Enactment of the Retirement Enhancement and Savings Act (RESA) would be an important step in encouraging employers to offer DC plans and to expand access to various retirement savings options, panelists at a Capitol Hill retirement policy forum suggested this week.
The April 11 forum, sponsored by the National Retirement Planning Coalition, was held as part of National Retirement Planning Week to discuss ways to address the country’s purported coverage and savings gap.
Keynote presentations were provided by House Education & the Workforce Committee Chair Virginia Foxx (R-NC) and Rep. Donald Norcross (D-NJ), who serves with Foxx on the committee. In addition, the Insured Retirement Institute’s Paul Richman moderated a panel discussion with representatives from State Street Global Advisors, Jackson National Life Distributors and TIAA.
The forum coincided with the release of a report by the IRI which shows that 42% of Baby Boomers have nothing saved for retirement and, among Boomers who do have retirement savings, 38% have less than $100,000 saved. By contrast, the report also notes that nearly 80% of Boomers who have a relationship with a financial professional have at least $100,000 saved for retirement, versus only 48% of those who do not.
The topic of eliminating barriers to providing annuity income solutions in DC plans was a major focus of the forum as a way to address longevity risk and decumulation issues. The bipartisan RESA, which was recently introduced in the House for the first time and reintroduced in the Senate, includes a provision that would provide a safe harbor for plan sponsors on the selection of a lifetime income provider.
Norcross noted that he is a cosponsor of RESA and believes the legislation has a good chance of being enacted this year. In particular, he singled out the annuity safe harbor as an important component in addressing employer fiduciary concerns over adding lifetime options to their DC plans.
Foxx touched on the Department of Labor’s fiduciary rule, saying that she thinks “it’s a terrible rule... and would do more harm than good.” She explained that she was “happy with the 5th Circuit’s decision in vacating the rule, but now we need to work on getting legislation passed.” To that end, she praised the work of Rep. Phil Roe (R-TN) “in being the flag bearer” for trying to prevent the rule from taking effect and for sponsoring the Affordable Retirement Advice for Savers Act (H.R. 2823) to repeal the fiduciary rule and establish a statutory definition of “investment advice.” H.R. 2823 was reported out of the House Education and the Workforce Committee in October 2017.

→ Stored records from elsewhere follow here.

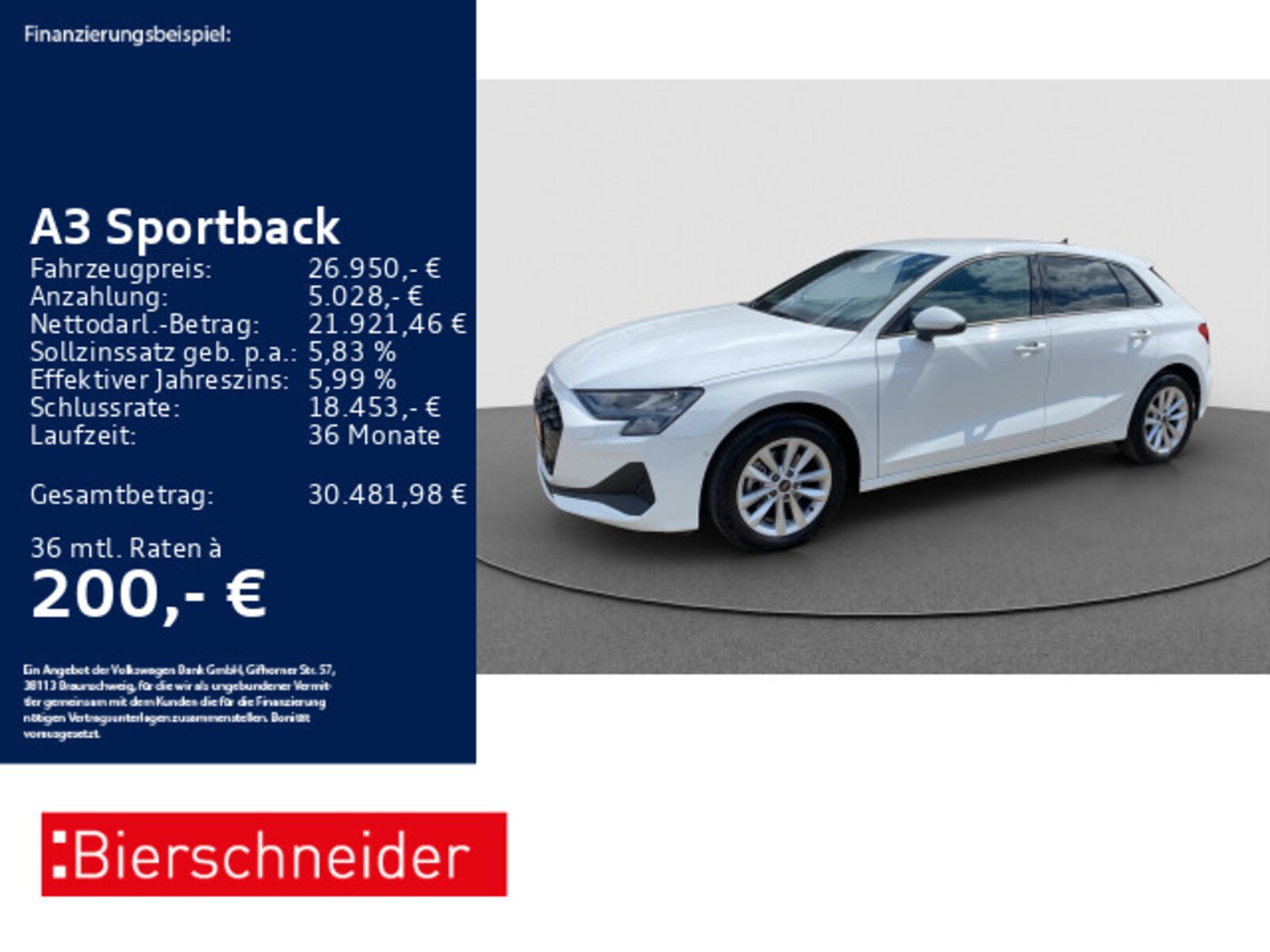 Audi A3 Sportback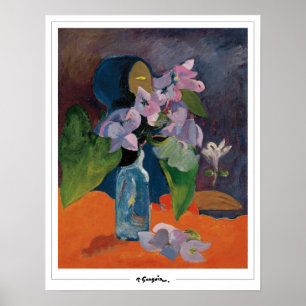 Affiche d'art Zedign de Paul Gauguin #12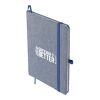 5" x 7" Recycled Cotton Bound Notebook Blue | No Imprint | not available | not available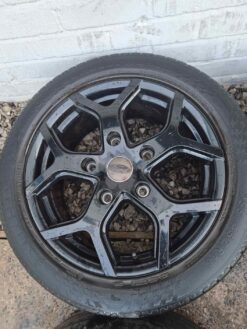 Alternative view of Ford Transit Custom 18" Alloy Wheels & Matching Tyres – 5x160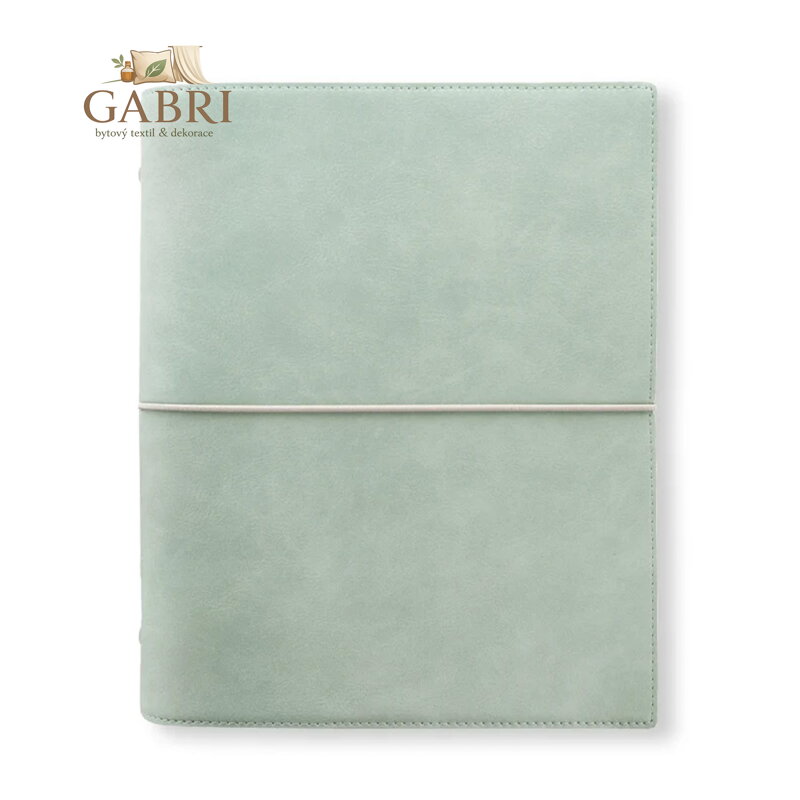 Diář Filofax A5 Domino Soft - barva seagrass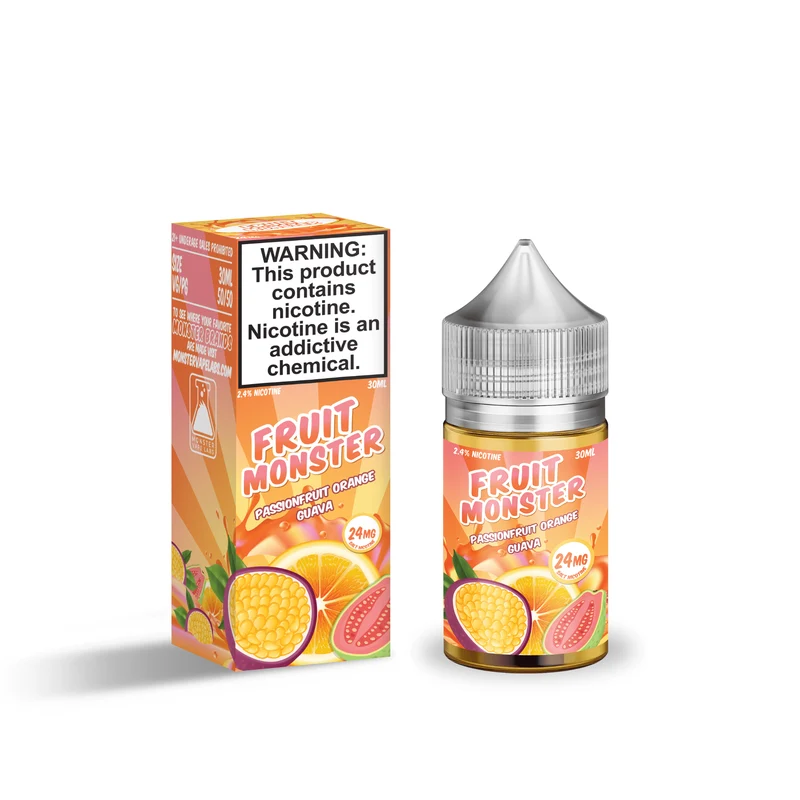 Passionfruit Orange Guava SALT - Fruit Monster - 30mL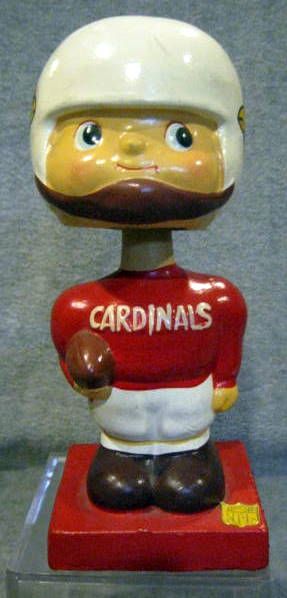 60's ST. LOUIS CARDINALS BOBBING HEAD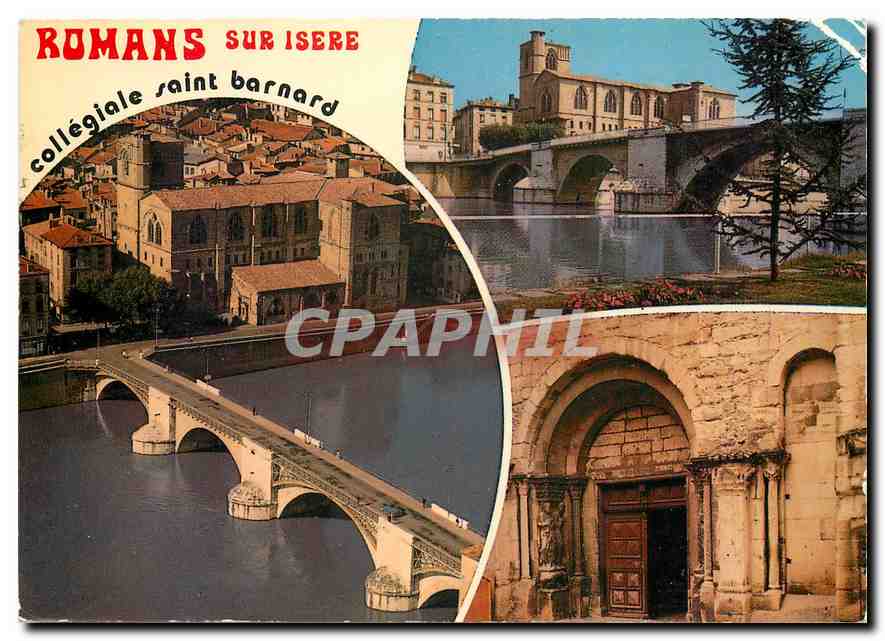 CPM Romans sur Isere Drome Collegiale Saint Barnard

Catherine Reilly, Global Head of Research – Defined Contribution at State Street Global Advisors, suggested that any changes in policy must make it easier for employers to offer a plan to address coverage issues. Reilly explained that she is a strong advocate for mandating that employees be enrolled in a retirement savings plan, similar to the U.K.’s NEST system, but realizes that a mandate like that may not go over well in the U.S. Even still, she noted that the U.K. program has had a dramatic effect on coverage.
Reilly further suggested that a mandate would make it easier for employers because they would only have to follow the “prescribed rules” in providing access to a plan and would be absolved of fiduciary responsibility, which, along with costs, is a big drawback, especially for small employers.
As a potential solution, she stated that the open MEP proposal included in RESA would be an important first step to make it easier for employers to offer coverage.
Underestimating life expectancy and having longevity protection are two of the most misunderstood factors in retirement planning, according to two panelists.
Brian Sward, SVP of Product & Investment Management, Jackson National Life Distributors, observed that retirement planning largely focuses on the accumulation phase and that many employees cannot answer basic questions about what their retirement income will be after they retire or how much they will need.
Sward suggested that lifetime income annuity options can help fill an important gap that many Americans are facing. He noted that he is seeing more firms sell fee-based annuities, including wirehouses, and believes that moving away from commission-based fees will go a long way in addressing the negative perception of annuities.
For his part, Joshua Freely, TIAA’s Public Policy Director, argued that it is important for policymakers and stakeholders to reach a consensus around the so-called guarantee gap. Freely pointed to a recent TIAA policy brief noting that one-third of men over age 65 are expected to live to 90, and the life expectancy is even higher for women. Moreover, he noted that only 1 in 20 DC plans currently provide a lifetime income solution, which he believes is critical to addressing longevity risk.
Freely contended that a simplified annuity safe harbor could help address the guarantee gap, as well as help increase portability solutions, as many employers are afraid to provide an annuity within their DC plan because they are unsure what would happen if they changed providers. He also argued for permitting lifetime income options as part of a QDIA option, as well as providing more flexible income distribution options and annuity income incentives through the tax code. “When people understand how annuities work and become more comfortable with the products, they are much more likely to use them,” Freely said.